◆ Exercise
An unchanged copy of all the lines below is expected, and it should contain no pictures.

[Captioned web image data]
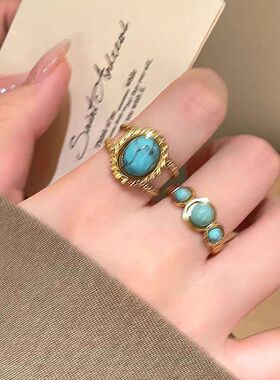 个性电镀手饰气质绿松石百搭女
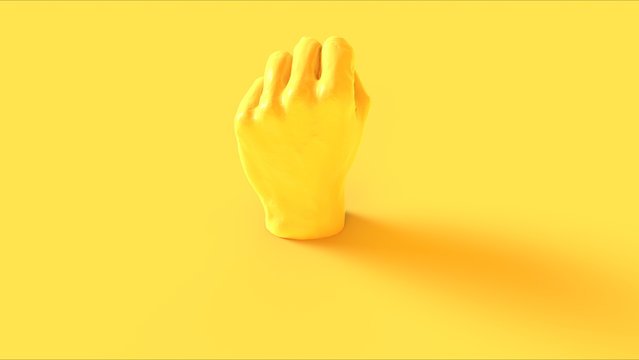 Yellow Raised Clenched Fist Anti Fascist 3d illustration 3d render 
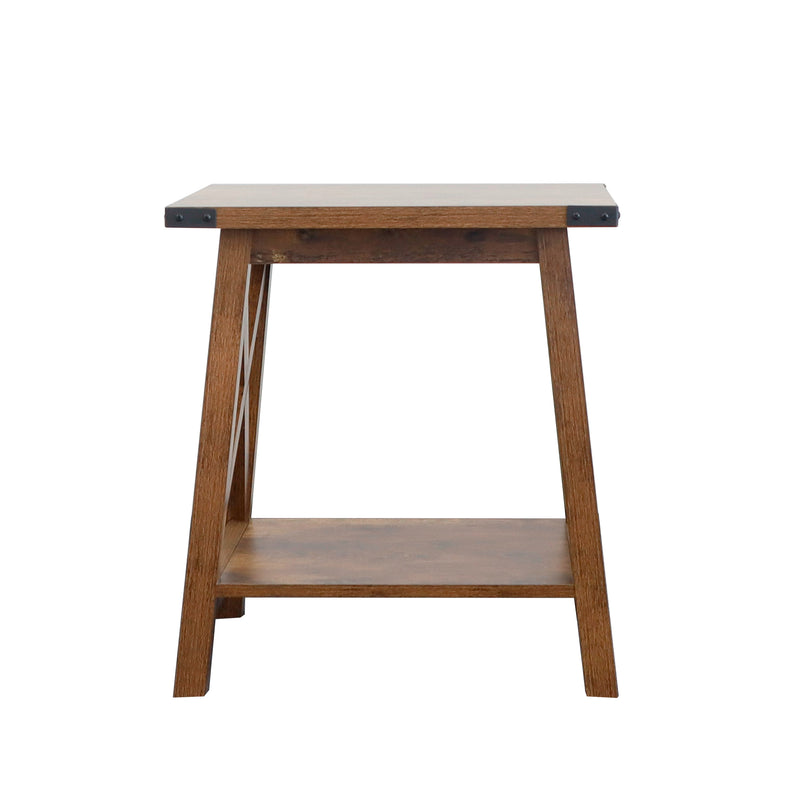 Farmhouse Side Table End Table with 2-Tier Storage, Rustic Wood
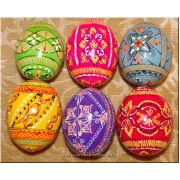 Half Dozen Hand Painted Wood Easter Eggs. Ukraine Egg Art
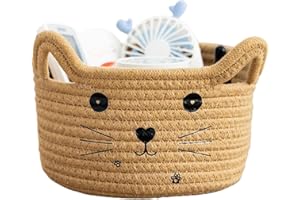 TOKANEIT Joli Panier de Rangement Tissé en Forme D'animal, Panier en Corde de Coton Mignon, Panier de Rangement Tressé en Coton, Convient pour Le Rangement de La Chambre et du Salon (Jaune)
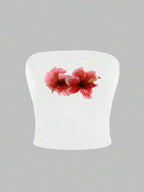 Women's Bandeau Top with Ghost Motif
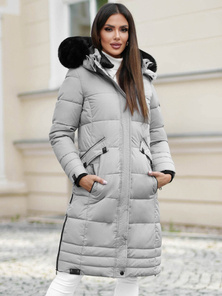 Kurtka zimowa damska długa pikowana szara OZONEE O/W377Z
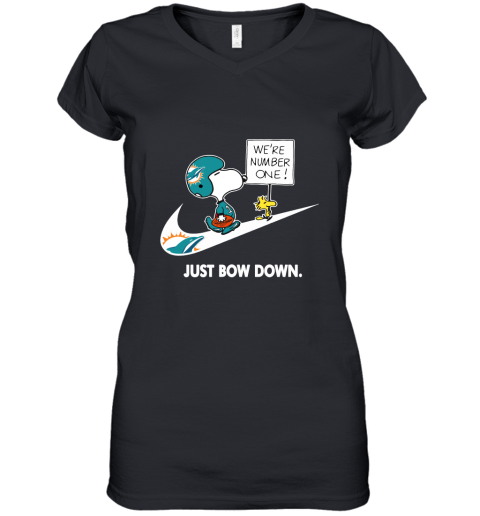 Miami Dolphins Are Number One – Just Bow Down Snoopy Women's V-Neck T-Shirt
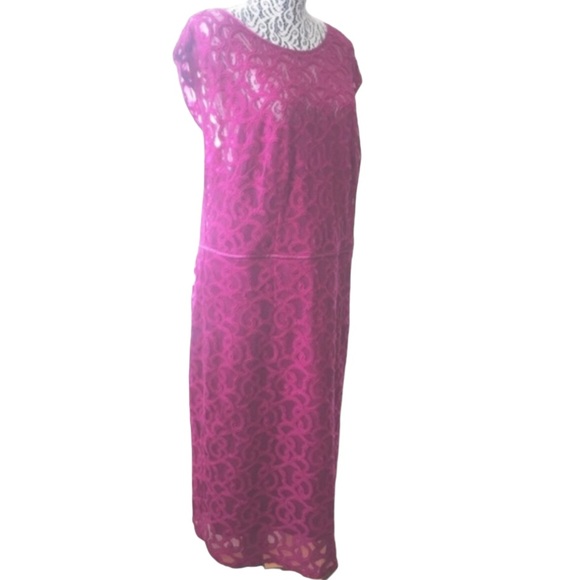 [PRE-OWNED] ADRIANNA PAPELL Woman Lace Dress, Pink, Plus Size 14W - Picture 4 of 7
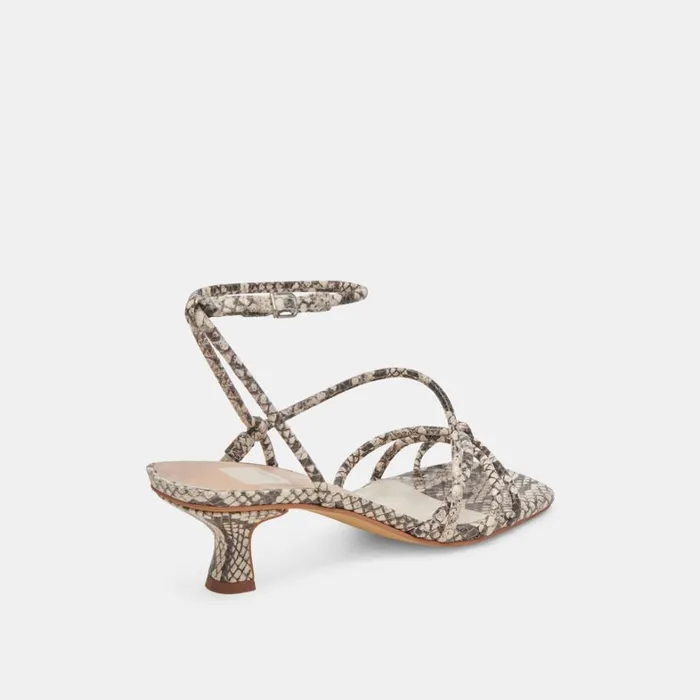 Heels Women Dolce Vita Bev Heels Black White Embossed Snake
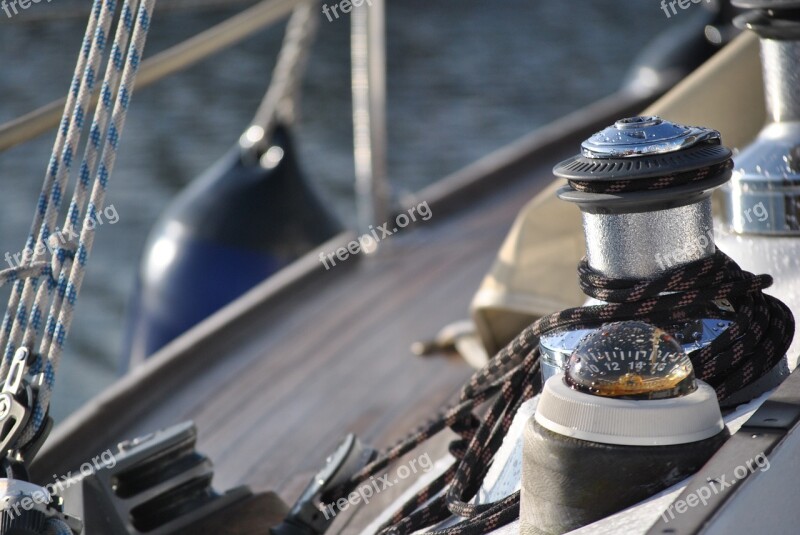 Sailing Vessel Compass Winch Sail Water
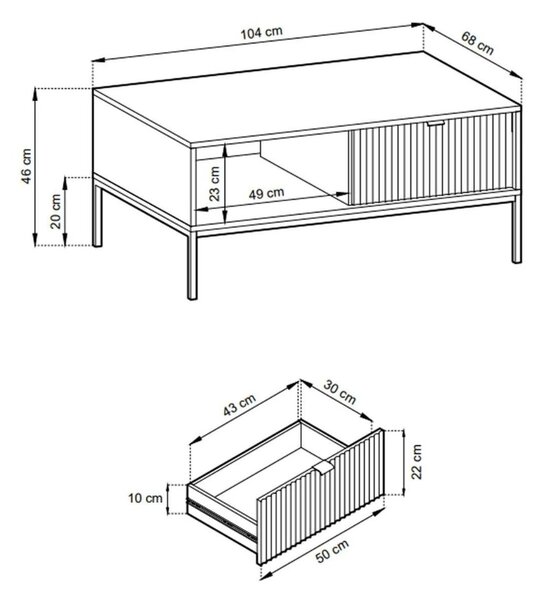 KONFERENČNÝ STOLÍK VIGGO ŠEDÝ + ČIERNY PODSTAVEC 104 cm
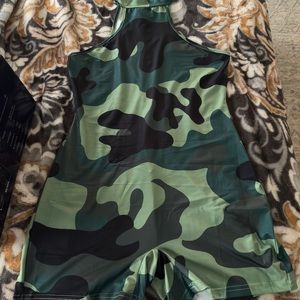 Camo green shorts jumpsuit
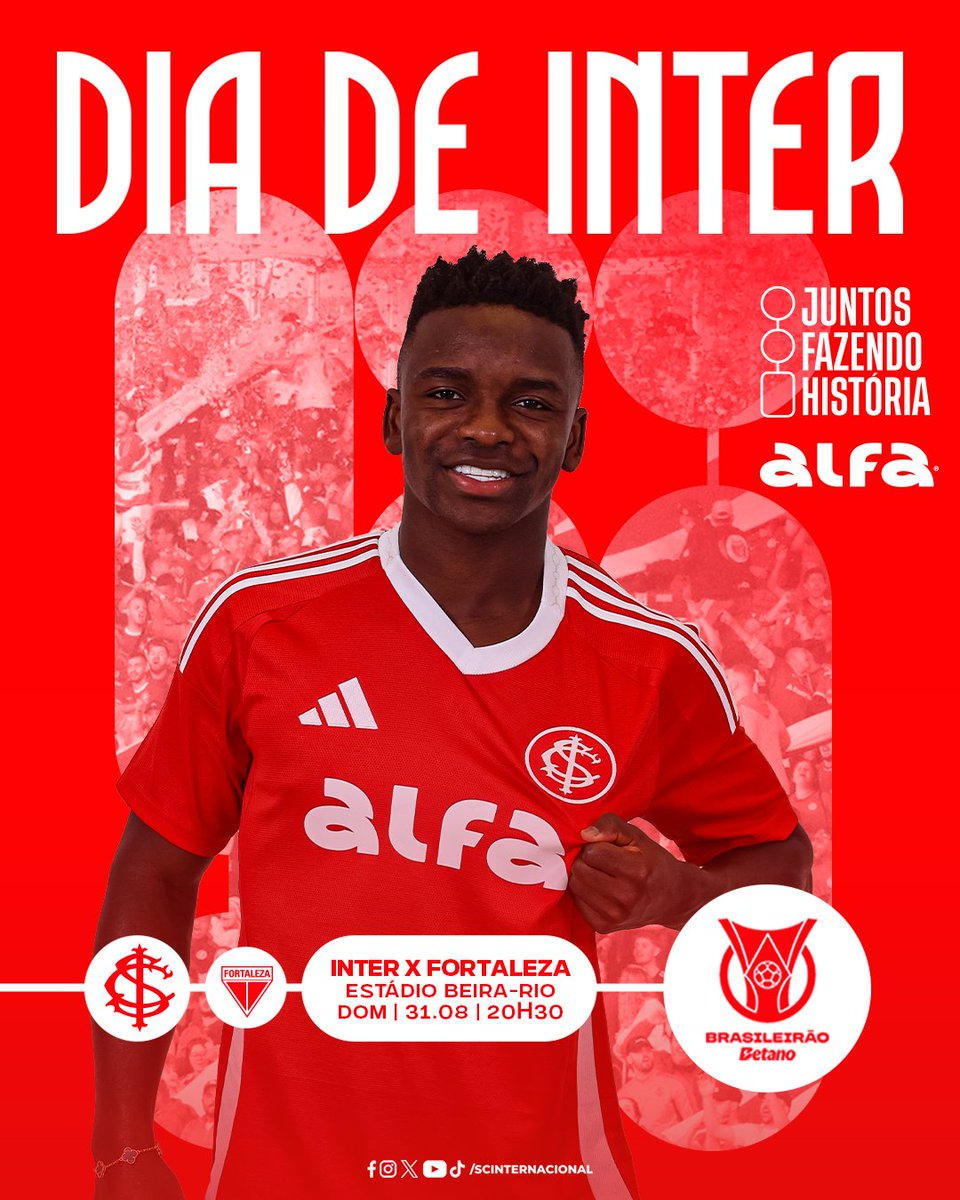 SCInternacional's tweet image. 𝐃𝐈𝐀 𝐃𝐄 𝐈𝐍𝐓𝐄𝐄𝐄𝐄𝐄𝐑! 🇦🇹👊

Pela 22ª rodada do Brasileirão, o Colorado enfrenta o Fortaleza, no Beira-Rio, a partir das 20h30 deste domingo. VAMOS! 🔥❤

🔗 Aproveite o #DiaDeInter e jogue com responsabilidade na @alfabetbr, a #CasaDeResponsa: alfa.bet.br/soccer/sc-inte…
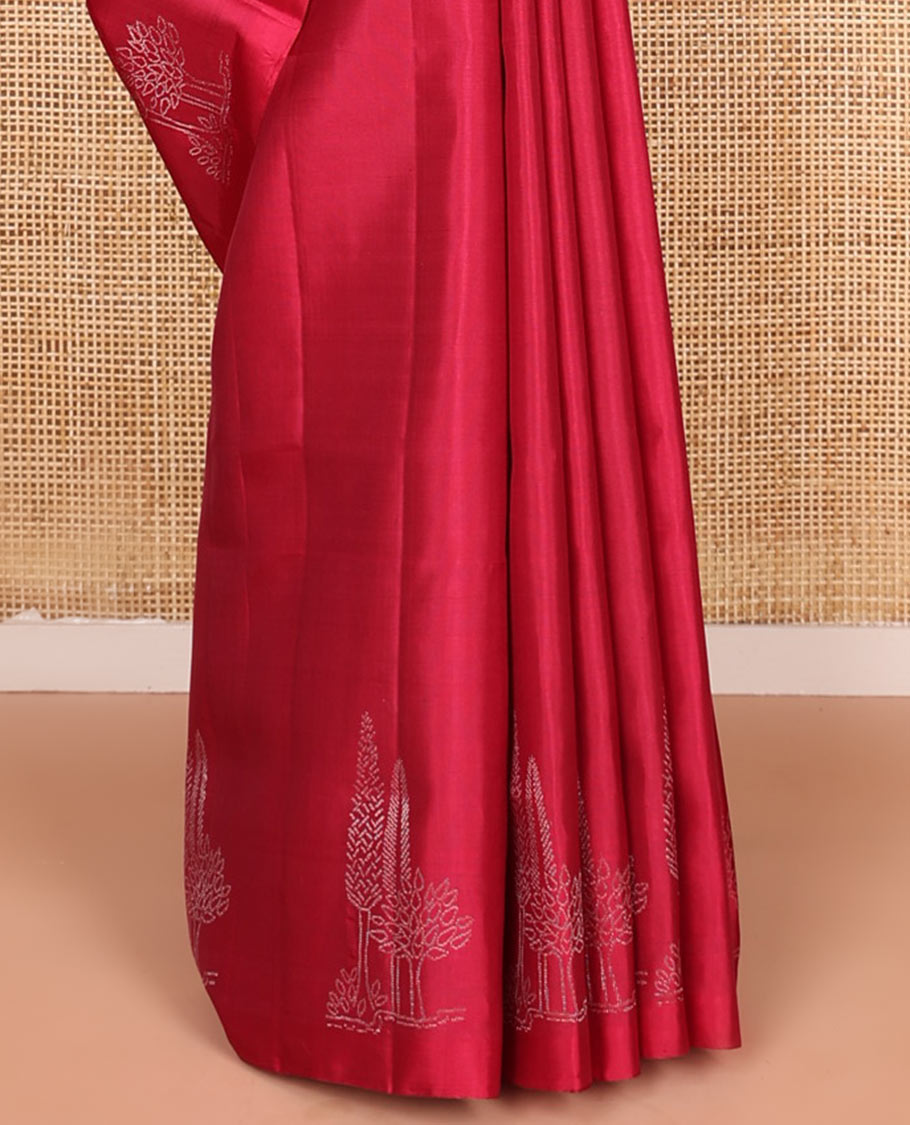 Borderless red tree buttas soft silk saree, contrast intricately designed pallu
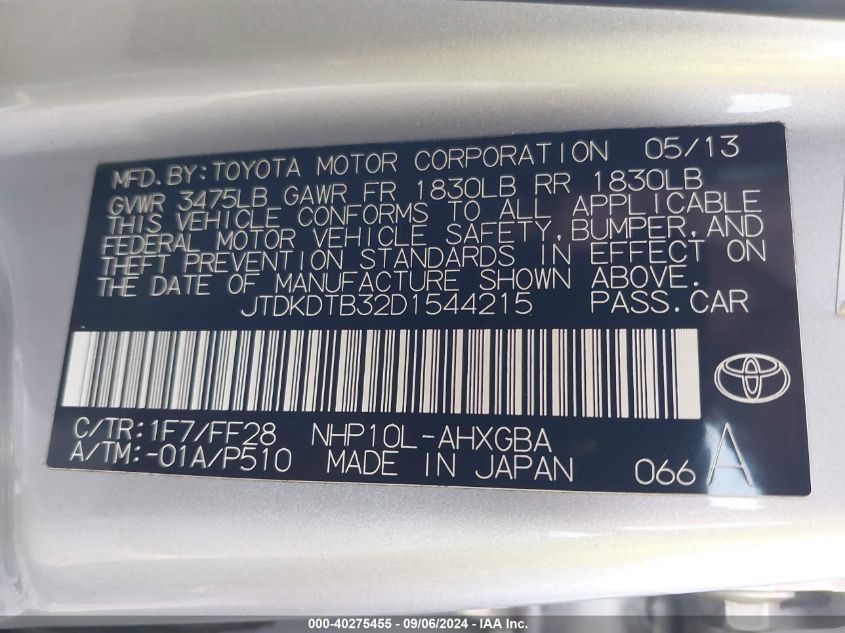 JTDKDTB32D1544215 2013 Toyota Prius C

◆ Exercise result
 个性电镀手饰气质绿松石百搭女
 Yellow Raised Clenched Fist Anti Fascist 3d illustration 3d render 
 Farmhouse Side Table End Table with 2-Tier Storage, Rustic Wood
 Half Dozen Hand Painted Wood Easter Eggs. Ukraine Egg Art
 TOKANEIT Joli Panier de Rangement Tissé en Forme D'animal, Panier en Corde de Coton Mignon, Panier de Rangement Tressé en Coton, Convient pour Le Rangement de La Chambre et du Salon (Jaune)
 Women's Bandeau Top with Ghost Motif
 Kurtka zimowa damska długa pikowana szara OZONEE O/W377Z
 Miami Dolphins Are Number One – Just Bow Down Snoopy Women's V-Neck T-Shirt
 [PRE-OWNED] ADRIANNA PAPELL Woman Lace Dress, Pink, Plus Size 14W - Picture 4 of 7
 Heels Women Dolce Vita Bev Heels Black White Embossed Snake
 Sailing Vessel Compass Winch Sail Water
 KONFERENČNÝ STOLÍK VIGGO ŠEDÝ + ČIERNY PODSTAVEC 104 cm
 Camo green shorts jumpsuit
 SCInternacional's tweet image. 𝐃𝐈𝐀 𝐃𝐄 𝐈𝐍𝐓𝐄𝐄𝐄𝐄𝐄𝐑! 🇦🇹👊

Pela 22ª rodada do Brasileirão, o Colorado enfrenta o Fortaleza, no Beira-Rio, a partir das 20h30 deste domingo. VAMOS! 🔥❤

🔗 Aproveite o #DiaDeInter e jogue com responsabilidade na @alfabetbr, a #CasaDeResponsa: alfa.bet.br/soccer/sc-inte…
 Borderless red tree buttas soft silk saree, contrast intricately designed pallu
 JTDKDTB32D1544215 2013 Toyota Prius C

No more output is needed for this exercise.